:: Exercise description ::
Below are some records. Output the lines from the first one through the line that holds "14039 S 300th Eastavenue Coweta OK 74429", exactly as written, with no pictures.

:: Excerpted data ::
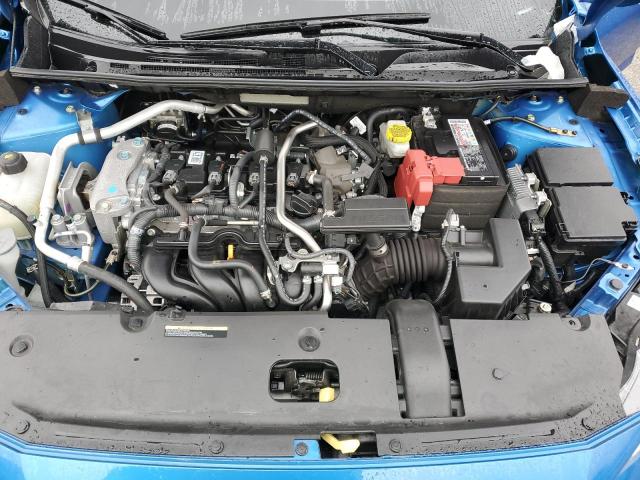 2021 NISSAN SENTRA SR - 3N1AB8DV9MY327787
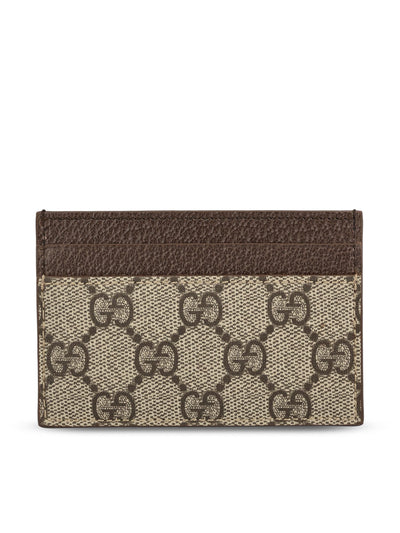 Portacarte in tessuto. 768248 FACQC9773 GUCCI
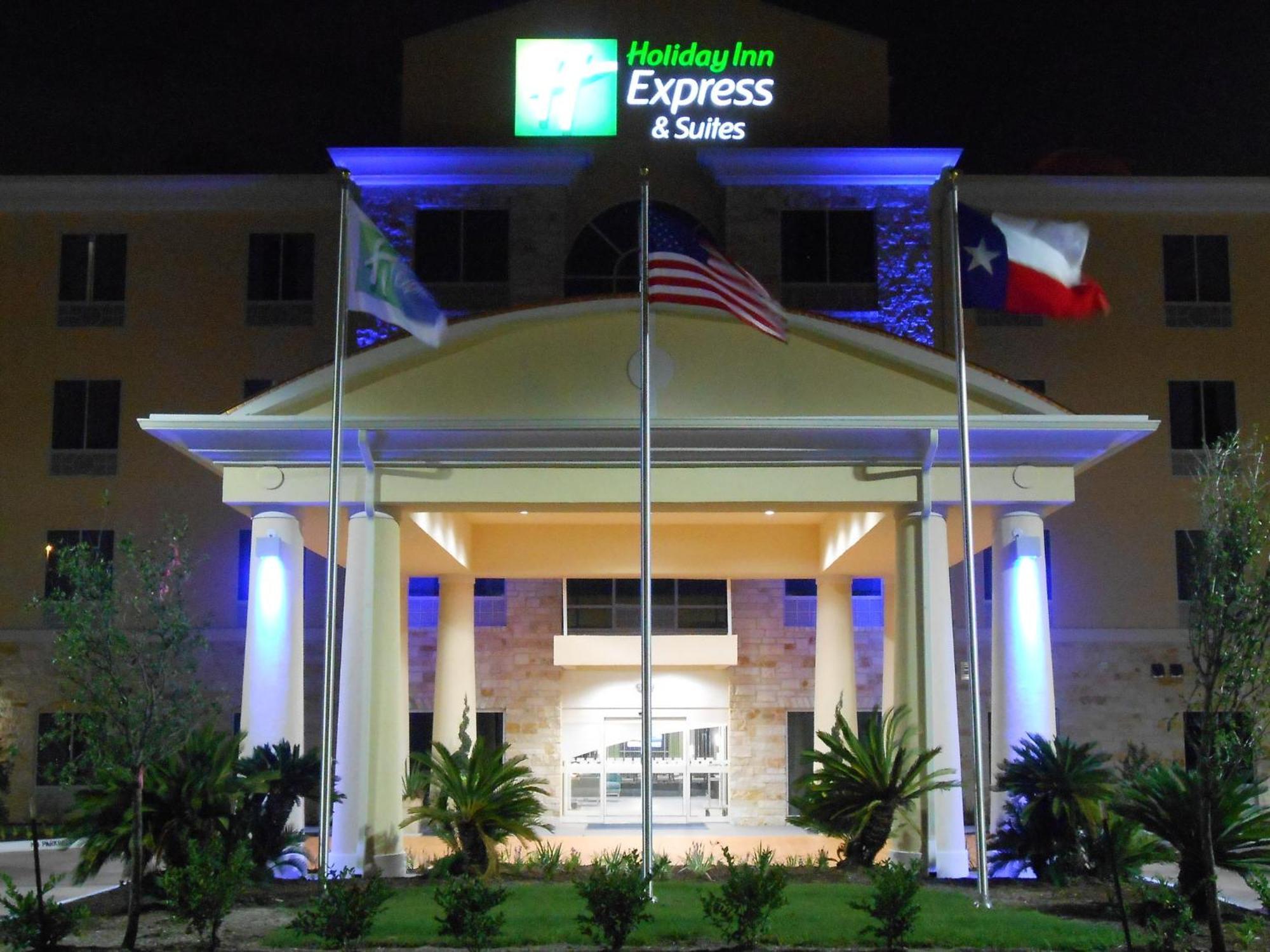 Holiday Inn Express & Suites Houston Northwest-Brookhollow By Ihg Экстерьер фото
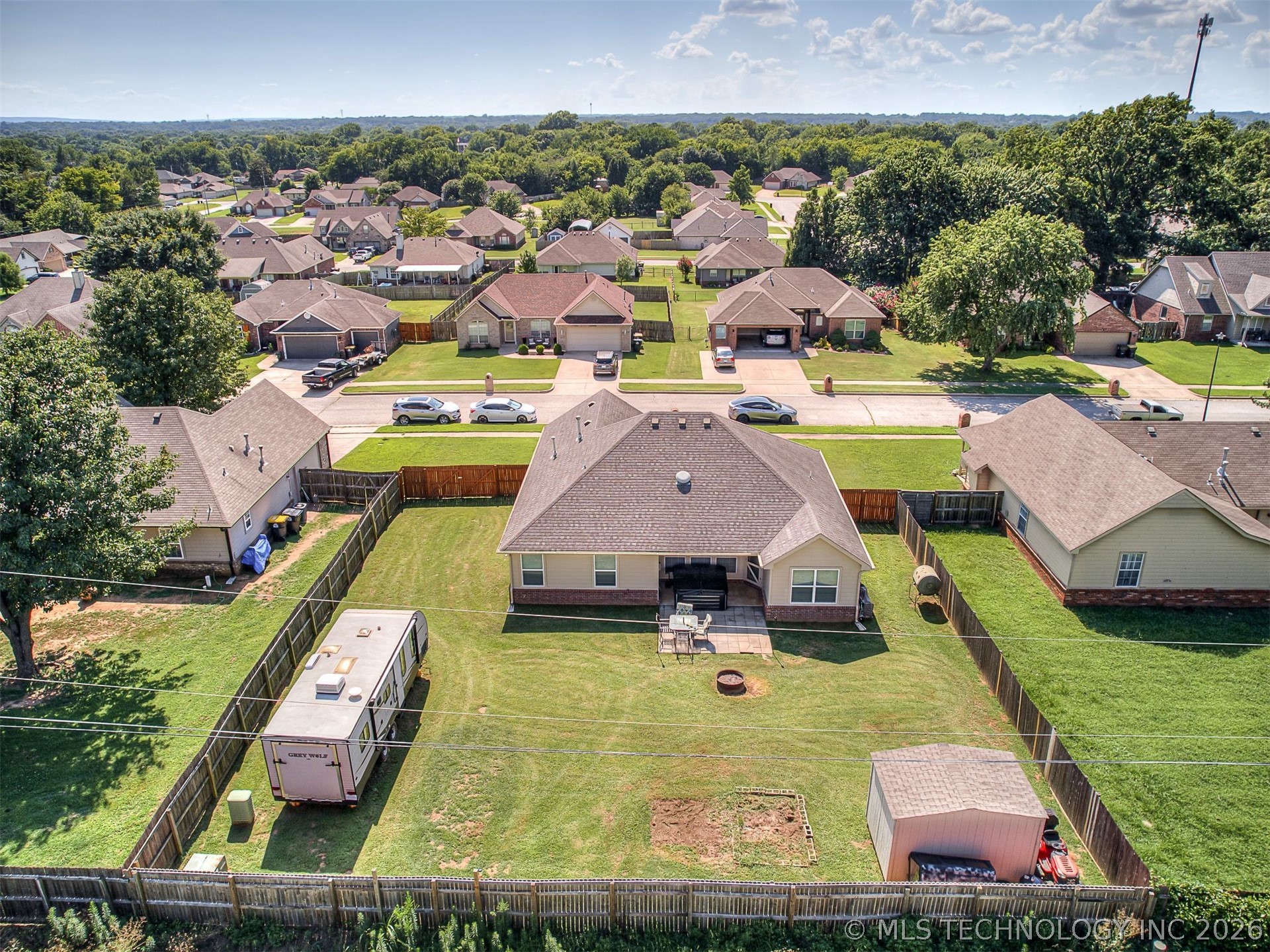 14039 S 300th Eastavenue Coweta OK 74429
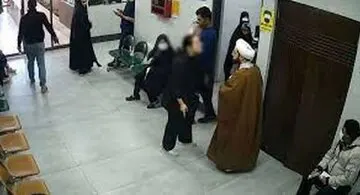 کیهان پیگیر مجازات زنی که در درمانگاه قم عکس گرفته است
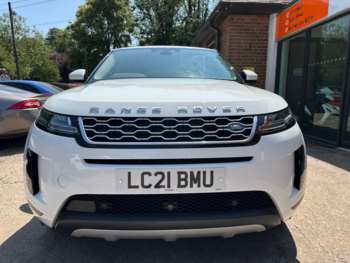 Used Land Rover Range Rover Evoque 2021 for sale - 75016123: Photo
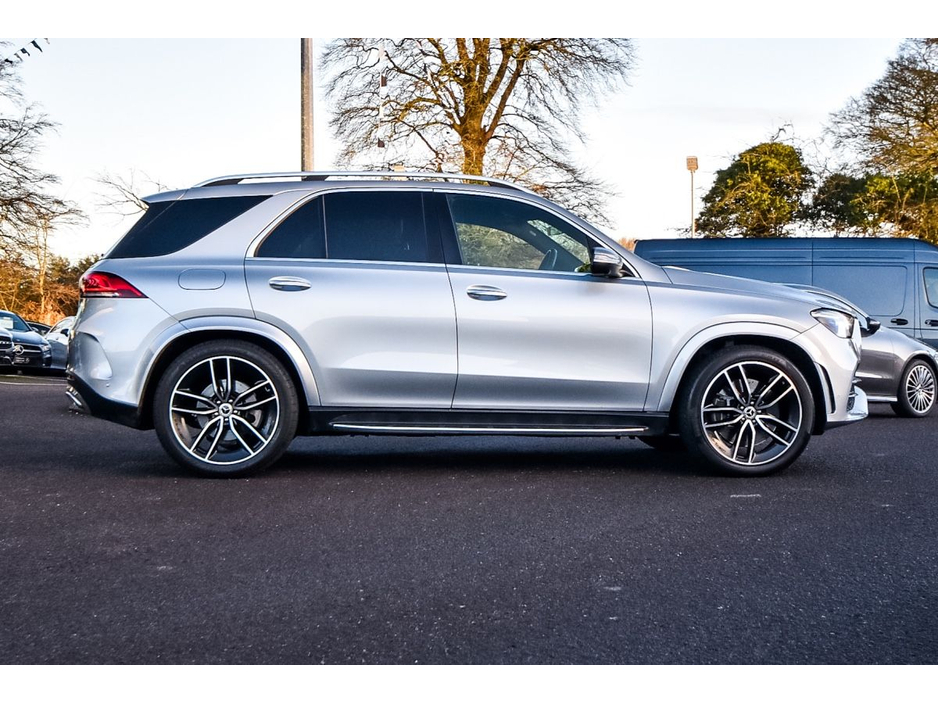 2023 Mercedes-Benz GLE Class 350de AMG Premium Plus 316bhp 4Matic €82,850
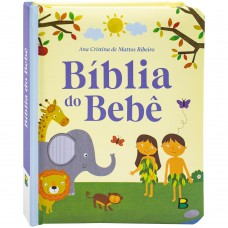 Meu Livro Ofinho: Bíblia Do Bebê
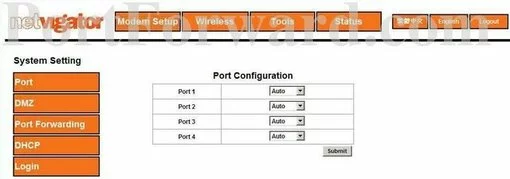 Netvigator 30M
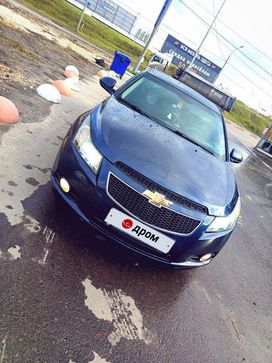 Chevrolet Cruze, 2011 г., Тула
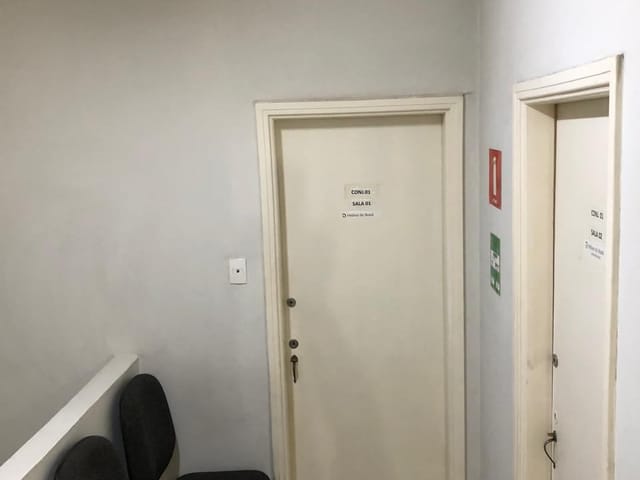 Conjunto comercial com 25m², para alugar, no bairro Campo Belo em São Paulo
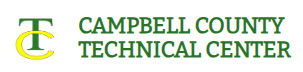 Logo of CTE Center in Rustburg. Part of Campbell County Public Schools
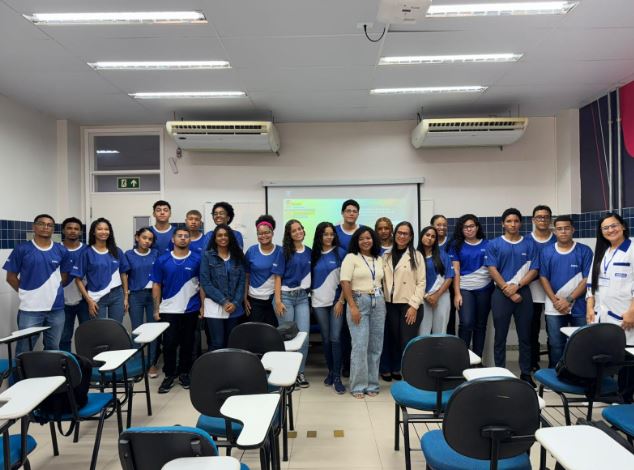 BYD inicia nova turma de Jovens Aprendizes na fábrica de baterias em Camaçari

:: Exercise answer ::
 2021 NISSAN SENTRA SR - 3N1AB8DV9MY327787
 Portacarte in tessuto. 768248 FACQC9773 GUCCI
 Holiday Inn Express & Suites Houston Northwest-Brookhollow By Ihg Экстерьер фото
 14039 S 300th Eastavenue Coweta OK 74429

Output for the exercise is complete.